Re: Point in Time Recovery

From: Mark Kirkwood <markir(at)coretech(dot)co(dot)nz>
To: Simon Riggs <simon(at)2ndquadrant(dot)com>
Cc: pgsql-hackers(at)postgresql(dot)org
Subject: Re: Point in Time Recovery
Date: 2004-07-15 23:46:54
Message-ID: 40F7176E.4000001@coretech.co.nz
Views: Raw Message | Whole Thread | Download mbox | Resend email
Thread:
Lists: pgsql-admin pgsql-hackers pgsql-patches

Simon Riggs wrote:

>
>So far:
>
>I've tried to re-create the problem as exactly as I can, but it works
>for me.
>
>This is clearly an important case to chase down.
>
>I assume that this is the very first time you tried recovery?

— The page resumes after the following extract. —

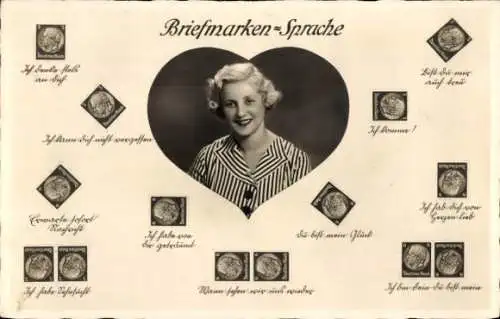 Briefmarken Ak Frau, Ich komme, du bist mein Glück, Ich bin dein, Briefmarkensprache, NPG 3306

Second and
>subsequent recoveries using the same set have a potential loophole,
>which we have been discussing.
>
>Right now, I'm thinking that the "exactly 2 logs worth" of data has
>brought you very close to the end of the log file (FFFFE0) ending with 1
>and the shutdown checkpoint that is then subsequently written is
>failing.
>
>Can you repeat this your end?
>
>
>
It is repeatable at my end. It is actually fairly easy to recreate the
example I am using, download

http://sourceforge.net/projects/benchw

and generate the dataset for Pg - but trim the large "fact0.dat" dump
file using head -100000.
Thus step 7 consists of creating the 4 tables and COPYing in the data
for them.

>The nearest I can get to the exact record pointers you show are to start
>recovery at A4807C and to end at with FFFF88.
>
>Overall, PITR changes the recovery process very little, if at all. The
>main areas of effect are to do with sequencing of actions and matching
>up the right logs with the right backup. I'm not looking for bugs in the
>code but in subtle side-effects and "edge" cases. Everything you can
>tell me will help me greatly in chasing that down.
>
>
>
I agree - I will try this sort of example again, but will change the
number of rows I am COPYing (currently 100000) and see if that helps.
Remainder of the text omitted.